(Source information)

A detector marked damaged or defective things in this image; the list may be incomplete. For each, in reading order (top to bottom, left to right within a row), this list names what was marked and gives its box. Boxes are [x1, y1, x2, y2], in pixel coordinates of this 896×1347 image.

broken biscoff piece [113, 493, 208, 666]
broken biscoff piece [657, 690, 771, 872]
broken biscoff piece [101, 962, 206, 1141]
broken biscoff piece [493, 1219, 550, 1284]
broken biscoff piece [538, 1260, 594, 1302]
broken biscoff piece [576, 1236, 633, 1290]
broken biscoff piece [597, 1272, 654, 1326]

* * *

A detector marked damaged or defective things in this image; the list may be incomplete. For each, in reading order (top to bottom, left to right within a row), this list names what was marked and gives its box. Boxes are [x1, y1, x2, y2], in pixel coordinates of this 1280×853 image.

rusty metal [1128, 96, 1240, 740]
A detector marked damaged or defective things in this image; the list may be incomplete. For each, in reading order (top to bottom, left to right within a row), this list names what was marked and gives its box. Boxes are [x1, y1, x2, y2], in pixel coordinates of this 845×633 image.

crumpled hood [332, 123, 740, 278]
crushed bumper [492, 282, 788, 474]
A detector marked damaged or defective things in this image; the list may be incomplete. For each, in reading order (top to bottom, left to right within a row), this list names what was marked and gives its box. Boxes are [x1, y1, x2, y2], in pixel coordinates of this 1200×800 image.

* * *

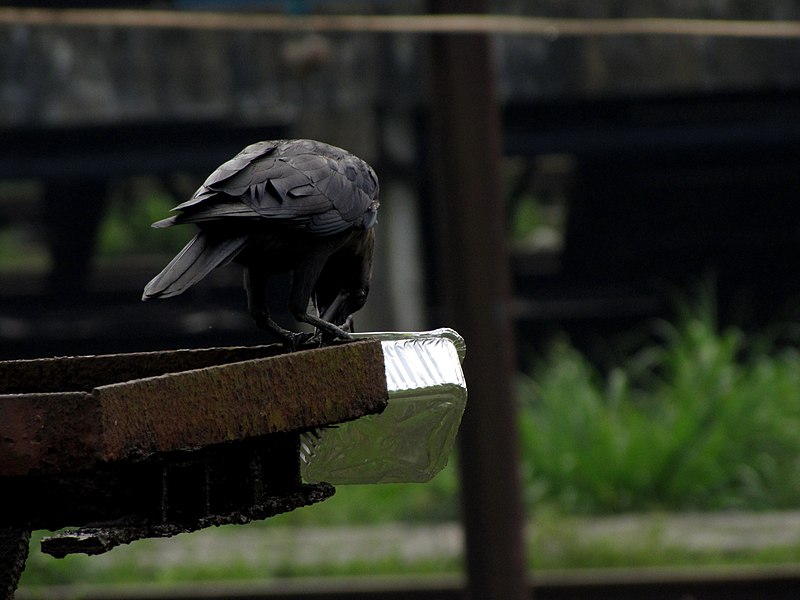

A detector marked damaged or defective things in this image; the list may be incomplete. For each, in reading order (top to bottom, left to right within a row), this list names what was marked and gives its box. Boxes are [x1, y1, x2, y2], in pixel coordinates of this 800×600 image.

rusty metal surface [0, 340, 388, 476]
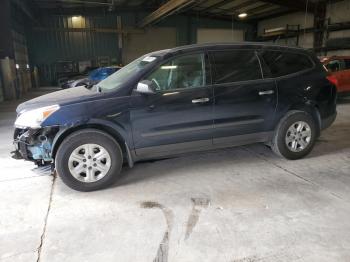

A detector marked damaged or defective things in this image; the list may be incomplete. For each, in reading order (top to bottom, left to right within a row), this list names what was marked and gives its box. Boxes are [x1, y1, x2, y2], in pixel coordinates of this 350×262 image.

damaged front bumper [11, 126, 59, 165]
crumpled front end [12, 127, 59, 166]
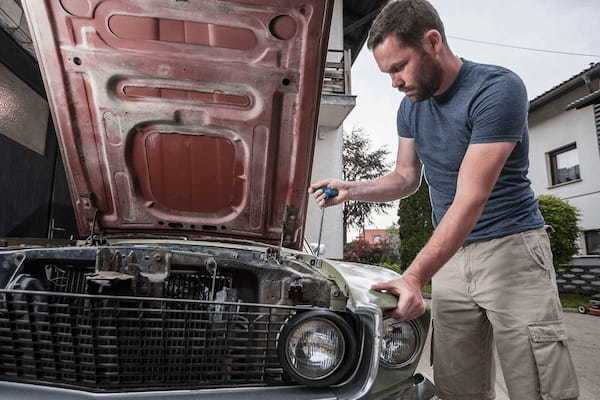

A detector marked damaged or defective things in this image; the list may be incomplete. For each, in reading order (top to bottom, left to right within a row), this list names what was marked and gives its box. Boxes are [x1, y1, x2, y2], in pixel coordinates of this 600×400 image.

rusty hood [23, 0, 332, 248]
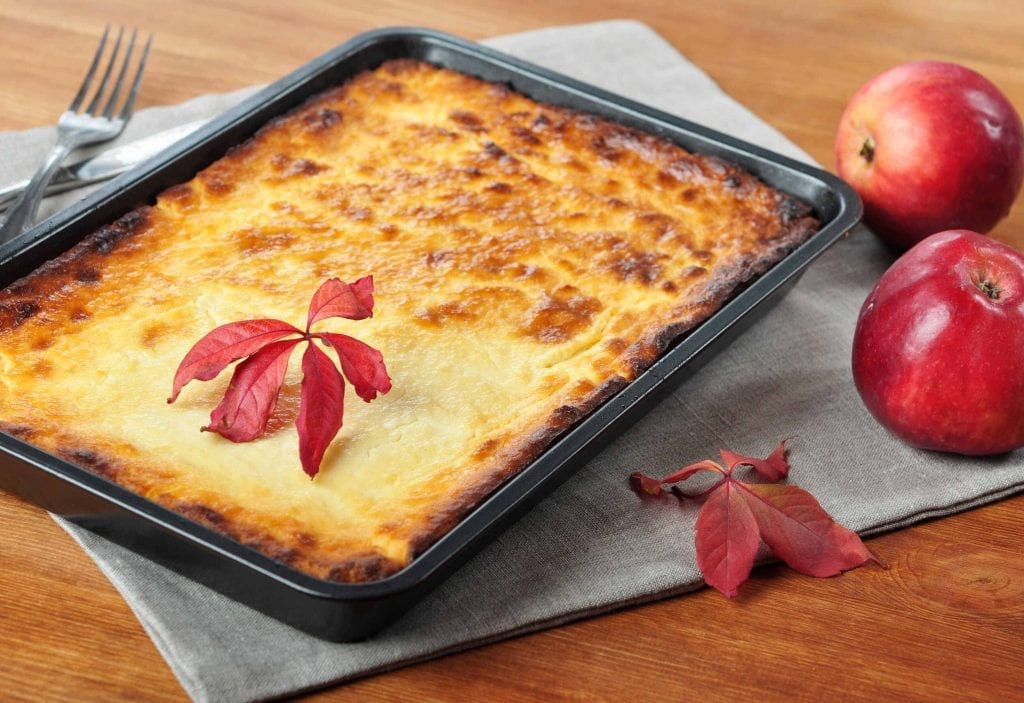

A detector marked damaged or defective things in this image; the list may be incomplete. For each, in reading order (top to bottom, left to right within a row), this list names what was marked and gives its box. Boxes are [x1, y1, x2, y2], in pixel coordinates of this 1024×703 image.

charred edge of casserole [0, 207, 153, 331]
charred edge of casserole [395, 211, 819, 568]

(Task requirements) Of the entries above, repeat exactly the lines between the line with "this 845×633 image." and the line with "this 1200×800 image.", inclusive, and no others.

(Answer to this problem)
A detector marked damaged or defective things in this image; the list may be incomplete. For each, in reading order (top to bottom, left to right within a row), this list names what was marked and gives its box. Boxes are [x1, y1, x2, y2], in pixel coordinates of this 845×633 image.

crumpled hood [332, 123, 740, 278]
crushed bumper [492, 282, 788, 474]
A detector marked damaged or defective things in this image; the list may be incomplete. For each, in reading order (top to bottom, left to right within a row), this list names what was marked and gives its box. Boxes are [x1, y1, x2, y2], in pixel coordinates of this 1200×800 image.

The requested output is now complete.